We will consider an extremely simple modification: We force the next iterate to be in \(\mathcal{S}\) by projecting it onto \(\mathcal{S}\). In order to do this, we will need a third oracle for projections that returns \[\begin{align*} P_{\mathcal{S}} (\mathbf{x}) = \arg \min_{\mathbf{y} \in \mathcal{S}} \| \mathbf{x} - \mathbf{y} \|_2^2. \end{align*}\]

Projected gradient descent is a simple modification of gradient descent. Instead of setting the next iterate to \[\begin{align*} x^{(t+1)} = x^{(t)} - \eta \nabla f(x^{(t)}),,,, \end{align*}\] we set the next iterate to \[\begin{align*} x^{(t+1)} = P_{\mathcal{S}} (x^{(t)} - \eta \nabla f(x^{(t)})). \end{align*}\]

The analysis for projected gradient descent is almost identical to the analysis for gradient descent.
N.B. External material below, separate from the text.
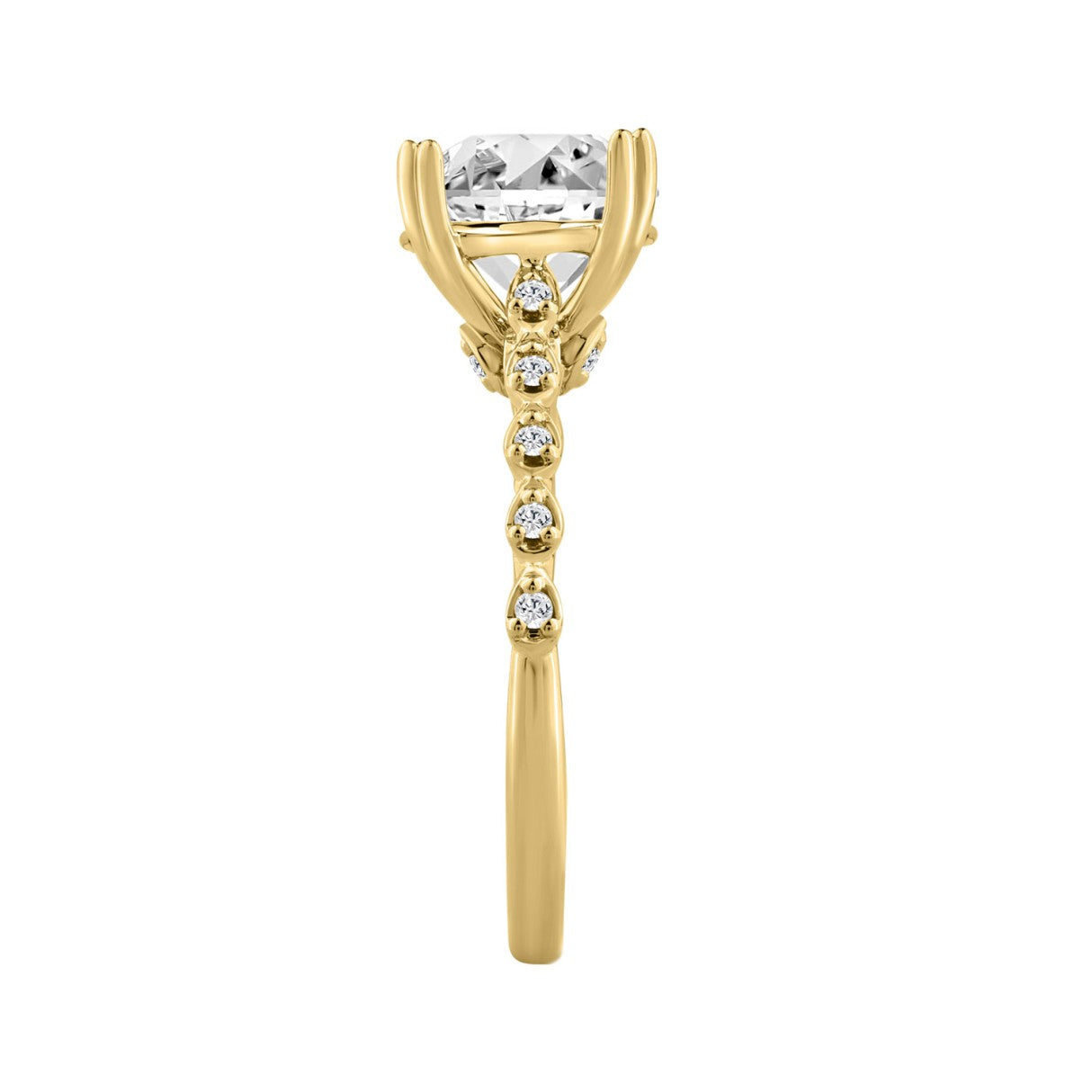 Anillo de Diamante Laboratorio (RD) en Oro 14K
We just need one additional claim that, for any \(\mathbf{y} \in \mathcal{S}\), \[\begin{align*} \| \mathbf{y} - P_{\mathcal{S}} (\mathbf{x}) \|_2^2 \leq \| \mathbf{y} - \mathbf{x} \|_2^2. \end{align*}\]

We then argue that \[\begin{align*} f(\mathbf{x}^{(t)}) - f(\mathbf{x}^*) &\leq \frac{\| \mathbf{x}^{(t)} - \mathbf{x}^* \|_2^2 - \| \mathbf{x}^{(t)} - \eta \nabla f(\mathbf{x}^{(t)}) - \mathbf{x}^* \|_2^2}{2 \eta} + \frac{\eta G^2}{2} \\ &\leq \frac{\| \mathbf{x}^{(t)} - \mathbf{x}^* \|_2^2 - \| \mathbf{x}^{(t+1)} - \mathbf{x}^* \|_2^2}{2 \eta} + \frac{\eta G^2}{2}. \end{align*}\] The rest of the analysis follows as before.

The bounds we showed for gradient descent and projected gradient descent have a \(1/\epsilon^2\) dependence. Since we care about the approximation, we would ideally likely a \(1/\epsilon\) or even \(\log(1/\epsilon)\) dependence. Similarly, we would like to reduce or eliminate the dependence on the Lipschitz constant \(G\) and the radius \(R\). Unfortunately, in order to improve the bounds, we need to make stronger assumptions on the function \(f\).